*** Opening of GIVEN ENTRIES ***

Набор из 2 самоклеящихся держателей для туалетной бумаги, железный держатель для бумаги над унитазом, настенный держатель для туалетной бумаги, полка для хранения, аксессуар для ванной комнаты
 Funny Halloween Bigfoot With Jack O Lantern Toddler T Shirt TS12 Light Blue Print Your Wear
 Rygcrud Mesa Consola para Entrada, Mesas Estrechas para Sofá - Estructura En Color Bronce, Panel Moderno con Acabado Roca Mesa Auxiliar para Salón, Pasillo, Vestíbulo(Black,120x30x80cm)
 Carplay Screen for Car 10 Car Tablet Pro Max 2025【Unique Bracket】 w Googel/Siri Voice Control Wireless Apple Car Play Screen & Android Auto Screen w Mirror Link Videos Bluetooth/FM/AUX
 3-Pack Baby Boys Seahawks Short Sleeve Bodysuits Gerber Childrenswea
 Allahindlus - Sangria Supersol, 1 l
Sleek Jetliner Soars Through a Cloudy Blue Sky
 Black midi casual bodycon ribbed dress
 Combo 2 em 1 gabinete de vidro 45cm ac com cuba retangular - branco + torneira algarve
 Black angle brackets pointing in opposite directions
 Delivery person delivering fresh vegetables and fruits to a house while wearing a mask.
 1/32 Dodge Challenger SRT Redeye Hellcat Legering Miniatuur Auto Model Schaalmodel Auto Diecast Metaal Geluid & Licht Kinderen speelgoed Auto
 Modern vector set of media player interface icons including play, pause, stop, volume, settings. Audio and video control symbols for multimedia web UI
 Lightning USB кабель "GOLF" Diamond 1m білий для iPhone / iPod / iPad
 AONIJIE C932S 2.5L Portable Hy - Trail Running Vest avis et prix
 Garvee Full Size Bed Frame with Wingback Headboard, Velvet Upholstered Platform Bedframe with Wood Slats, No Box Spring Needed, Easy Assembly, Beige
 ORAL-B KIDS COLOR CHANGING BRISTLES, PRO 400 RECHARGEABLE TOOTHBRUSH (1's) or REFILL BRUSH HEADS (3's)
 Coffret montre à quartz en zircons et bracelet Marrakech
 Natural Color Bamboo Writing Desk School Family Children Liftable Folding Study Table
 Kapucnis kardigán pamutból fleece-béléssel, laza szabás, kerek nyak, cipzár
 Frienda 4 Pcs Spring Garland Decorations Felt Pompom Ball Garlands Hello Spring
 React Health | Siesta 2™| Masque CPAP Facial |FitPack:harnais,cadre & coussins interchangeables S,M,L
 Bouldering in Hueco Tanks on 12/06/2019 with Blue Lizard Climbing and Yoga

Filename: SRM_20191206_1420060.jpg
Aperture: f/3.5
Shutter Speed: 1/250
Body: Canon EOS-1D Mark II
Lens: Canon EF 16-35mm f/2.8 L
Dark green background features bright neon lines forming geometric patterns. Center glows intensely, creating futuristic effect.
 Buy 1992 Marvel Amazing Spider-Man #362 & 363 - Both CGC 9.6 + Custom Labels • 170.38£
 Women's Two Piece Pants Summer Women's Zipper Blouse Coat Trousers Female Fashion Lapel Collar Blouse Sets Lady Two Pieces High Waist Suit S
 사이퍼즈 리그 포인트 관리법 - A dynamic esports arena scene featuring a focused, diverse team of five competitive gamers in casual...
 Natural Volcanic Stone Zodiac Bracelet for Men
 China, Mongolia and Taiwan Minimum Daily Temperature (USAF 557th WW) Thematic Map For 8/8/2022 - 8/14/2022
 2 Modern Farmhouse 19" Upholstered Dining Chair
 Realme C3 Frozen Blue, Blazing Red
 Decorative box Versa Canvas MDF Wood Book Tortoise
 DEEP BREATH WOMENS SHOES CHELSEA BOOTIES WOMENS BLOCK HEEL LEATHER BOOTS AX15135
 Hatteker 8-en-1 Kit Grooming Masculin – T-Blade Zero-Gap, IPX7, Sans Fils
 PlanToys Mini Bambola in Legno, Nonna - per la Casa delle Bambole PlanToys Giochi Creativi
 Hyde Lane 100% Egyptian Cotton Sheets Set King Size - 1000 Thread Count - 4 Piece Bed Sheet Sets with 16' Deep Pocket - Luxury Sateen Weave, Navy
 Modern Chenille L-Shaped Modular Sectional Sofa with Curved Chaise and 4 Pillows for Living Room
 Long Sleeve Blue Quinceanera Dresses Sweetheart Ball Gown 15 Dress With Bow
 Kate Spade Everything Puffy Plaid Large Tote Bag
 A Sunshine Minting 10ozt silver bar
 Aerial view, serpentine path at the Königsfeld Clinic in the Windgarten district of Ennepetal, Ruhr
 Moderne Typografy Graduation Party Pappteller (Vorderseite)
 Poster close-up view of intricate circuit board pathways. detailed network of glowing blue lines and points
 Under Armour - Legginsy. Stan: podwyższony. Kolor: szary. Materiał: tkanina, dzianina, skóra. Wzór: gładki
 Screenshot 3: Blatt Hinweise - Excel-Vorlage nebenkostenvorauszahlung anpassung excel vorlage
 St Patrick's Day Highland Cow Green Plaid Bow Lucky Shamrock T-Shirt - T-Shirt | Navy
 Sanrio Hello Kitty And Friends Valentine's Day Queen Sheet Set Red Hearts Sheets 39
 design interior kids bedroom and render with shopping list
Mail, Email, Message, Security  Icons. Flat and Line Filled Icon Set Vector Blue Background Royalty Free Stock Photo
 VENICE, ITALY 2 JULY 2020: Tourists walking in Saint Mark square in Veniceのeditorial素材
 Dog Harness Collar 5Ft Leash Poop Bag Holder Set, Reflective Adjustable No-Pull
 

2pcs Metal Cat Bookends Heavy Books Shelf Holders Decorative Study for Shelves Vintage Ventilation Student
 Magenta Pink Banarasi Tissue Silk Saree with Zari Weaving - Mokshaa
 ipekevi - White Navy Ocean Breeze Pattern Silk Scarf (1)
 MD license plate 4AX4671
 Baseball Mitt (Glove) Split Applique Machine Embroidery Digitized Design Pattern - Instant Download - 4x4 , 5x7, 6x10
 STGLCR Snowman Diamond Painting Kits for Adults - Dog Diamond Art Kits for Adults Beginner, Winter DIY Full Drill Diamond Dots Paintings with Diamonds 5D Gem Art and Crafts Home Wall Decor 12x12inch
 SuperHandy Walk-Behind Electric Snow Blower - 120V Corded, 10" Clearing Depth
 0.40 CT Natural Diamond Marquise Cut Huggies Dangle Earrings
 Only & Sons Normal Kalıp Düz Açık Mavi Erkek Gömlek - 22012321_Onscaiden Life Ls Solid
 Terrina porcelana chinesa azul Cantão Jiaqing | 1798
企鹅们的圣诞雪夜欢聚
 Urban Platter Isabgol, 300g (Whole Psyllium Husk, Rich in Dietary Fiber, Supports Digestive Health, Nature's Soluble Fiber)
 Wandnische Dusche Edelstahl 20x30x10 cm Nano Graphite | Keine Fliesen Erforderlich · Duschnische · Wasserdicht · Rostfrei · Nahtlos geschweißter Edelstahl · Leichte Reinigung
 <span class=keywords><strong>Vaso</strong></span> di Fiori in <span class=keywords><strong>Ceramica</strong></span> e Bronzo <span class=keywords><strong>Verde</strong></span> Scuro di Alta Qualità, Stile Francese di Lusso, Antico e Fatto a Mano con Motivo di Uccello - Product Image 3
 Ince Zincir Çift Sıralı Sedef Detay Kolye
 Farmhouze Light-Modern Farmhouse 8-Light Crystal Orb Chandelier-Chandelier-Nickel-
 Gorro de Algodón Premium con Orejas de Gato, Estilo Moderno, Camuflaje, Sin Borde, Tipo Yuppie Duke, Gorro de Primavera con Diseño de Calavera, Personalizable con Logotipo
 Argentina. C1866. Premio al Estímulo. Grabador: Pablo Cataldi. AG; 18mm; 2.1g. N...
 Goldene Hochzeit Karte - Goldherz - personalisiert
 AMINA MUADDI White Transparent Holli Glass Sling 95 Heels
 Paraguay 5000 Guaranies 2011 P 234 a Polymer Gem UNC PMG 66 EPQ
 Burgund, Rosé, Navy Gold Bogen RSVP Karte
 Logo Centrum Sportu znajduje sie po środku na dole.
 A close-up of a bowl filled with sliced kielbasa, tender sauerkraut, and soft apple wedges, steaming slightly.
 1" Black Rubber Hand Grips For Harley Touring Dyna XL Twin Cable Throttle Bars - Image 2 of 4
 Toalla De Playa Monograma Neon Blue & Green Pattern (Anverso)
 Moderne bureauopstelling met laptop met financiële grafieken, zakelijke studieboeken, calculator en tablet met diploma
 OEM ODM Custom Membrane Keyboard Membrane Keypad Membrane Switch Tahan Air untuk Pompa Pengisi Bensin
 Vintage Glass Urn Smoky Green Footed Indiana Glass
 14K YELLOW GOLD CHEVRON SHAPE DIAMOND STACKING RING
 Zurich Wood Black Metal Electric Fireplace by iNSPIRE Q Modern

*** Close of GIVEN ENTRIES ***

WHAT THE EXERCISE ASKS: Return word for word the lines above from the line with "Long Sleeve Blue" to the line with "St Patrick's Day", including both and leaving out all others.

YOUR SOLUTION:
 Long Sleeve Blue Quinceanera Dresses Sweetheart Ball Gown 15 Dress With Bow
 Kate Spade Everything Puffy Plaid Large Tote Bag
 A Sunshine Minting 10ozt silver bar
 Aerial view, serpentine path at the Königsfeld Clinic in the Windgarten district of Ennepetal, Ruhr
 Moderne Typografy Graduation Party Pappteller (Vorderseite)
 Poster close-up view of intricate circuit board pathways. detailed network of glowing blue lines and points
 Under Armour - Legginsy. Stan: podwyższony. Kolor: szary. Materiał: tkanina, dzianina, skóra. Wzór: gładki
 Screenshot 3: Blatt Hinweise - Excel-Vorlage nebenkostenvorauszahlung anpassung excel vorlage
 St Patrick's Day Highland Cow Green Plaid Bow Lucky Shamrock T-Shirt - T-Shirt | Navy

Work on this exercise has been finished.